The long-awaited hot summer days are here, but Mee Moua finds far less pleasure in them than she once did.
"He would have said, 'Pack a lunch. We're off to boating!' " said Mee, seated at her St. Paul dining room table sifting through family photographs.
Mee, nine months pregnant with her fifth child, is bravely pushing forward, determined to honor the memory of her husband, Vone. The 45-year-old family man was shot and killed June 9 in an early morning struggle with an angry bar patron at Malina's Sports Bar in St. Paul. He and Mee have owned the Frogtown bar since 2002.
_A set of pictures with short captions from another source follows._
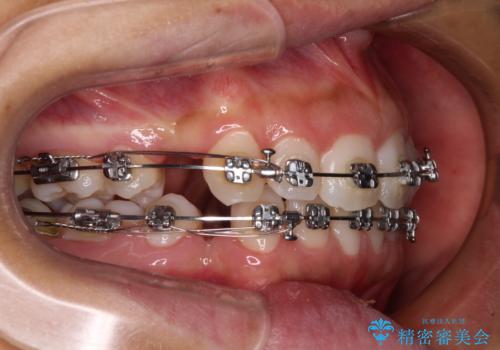 閉じにくい唇 抜歯矯正でスッキリした横顔にの治療中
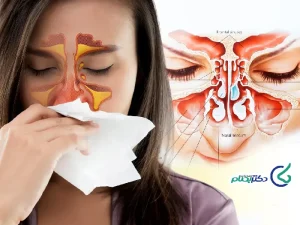 تخلیه سینوزیت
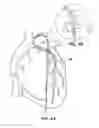 Fig. 09 - GUIDE CATHETER EXTENSION DEVICE AND METHODS OF USE FOR CARDIOLOGY PROCEDURES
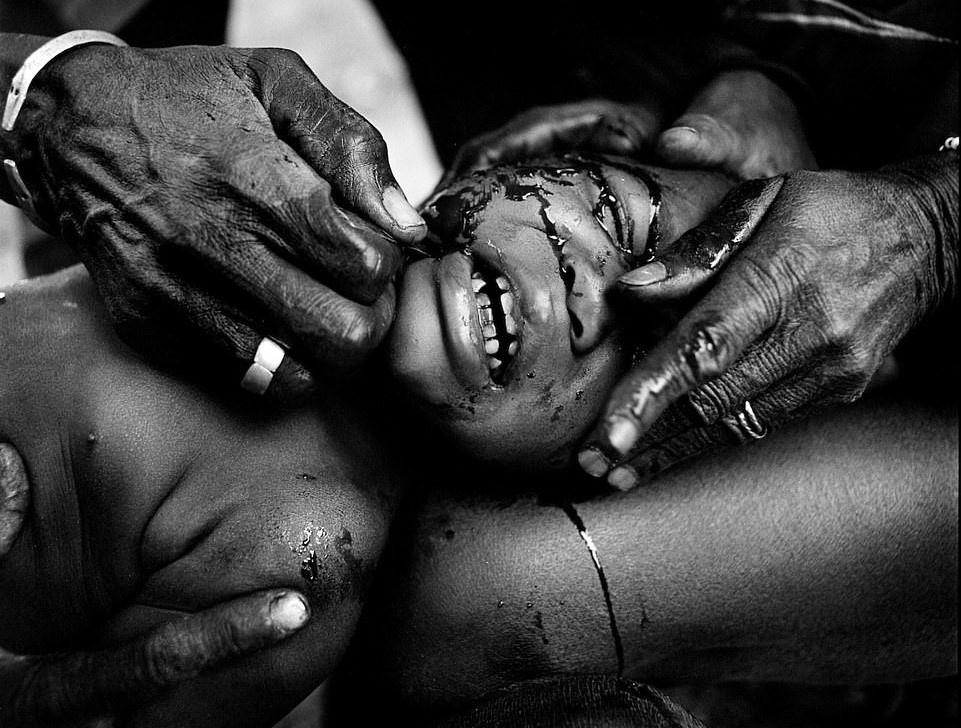 Rung minh hu tuc rach mat tre em danh dau tuoi truong thanh o Tay Phi hinh anh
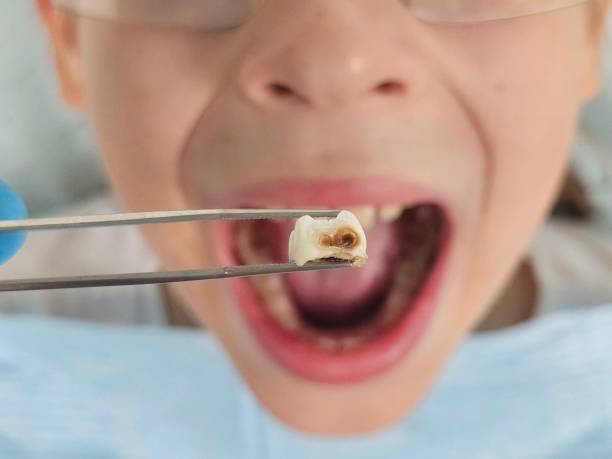 Best Emergency Dental Care for Broken or Chipped Teeth in Fayette, MS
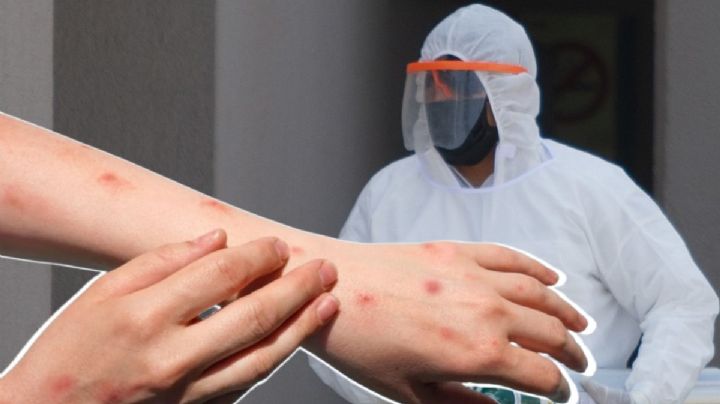 Confirman caso de Mpox en Huatulco: ¿Cómo protegerte de la viruela del mono en OAXACA?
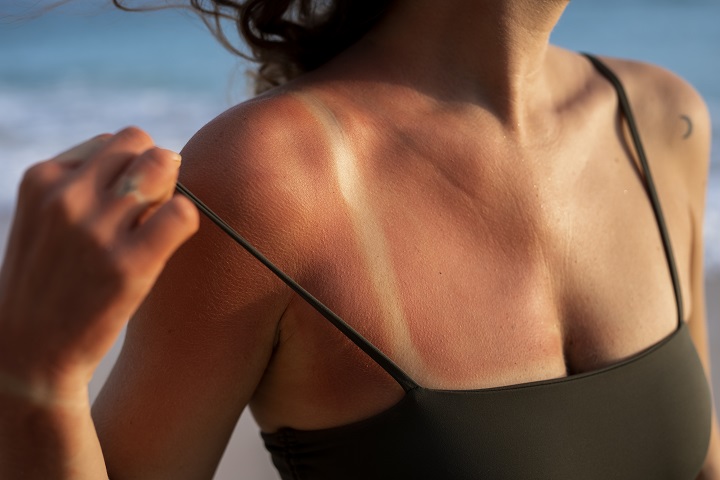 details-woman-s-sunburn-skin-from-beach-sun.jpg Молодая женщина с солнечным ожогом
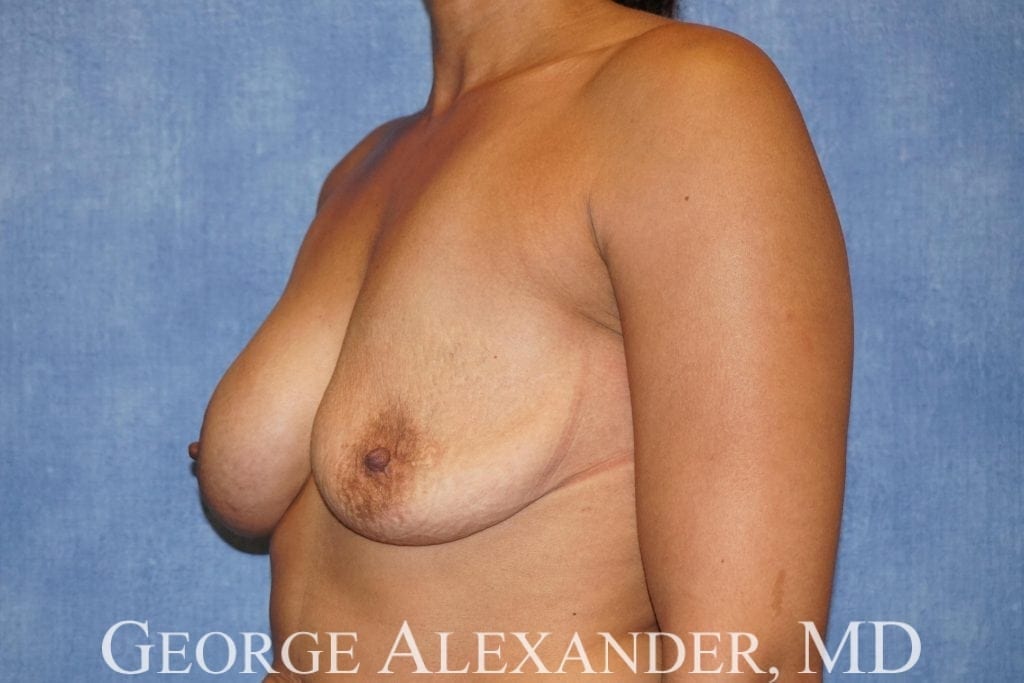 Pre Oblique - Breast Implant Exchange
That patron, Yia Her, 26, of Oakdale, and his brother-in-law, Cheng Vang, 22, of Minneapolis, have been charged with second-degree murder in Moua's death, and two counts of attempted second-degree murder. A trial is set for the fall.
Moua, born in Laos, was deeply proud of owning a business. But he is being remembered, and praised, for decades of work building trust and strengthening Hmong families as a licensed clinical social worker.
"How could his life be taken so quickly?" asks Mee, also a social worker, as she reaches for a tissue. She was at the bar to pick up her husband early that morning and witnessed the shooting.
Her told police he paid $20 to play pool, but was asked to leave because the bar was closing.
After attending a court hearing in mid-July, Mee was struck by an irony she perhaps can share with Her and Vang someday. "You," she would tell them, "are the families he would have stretched his arms out to help."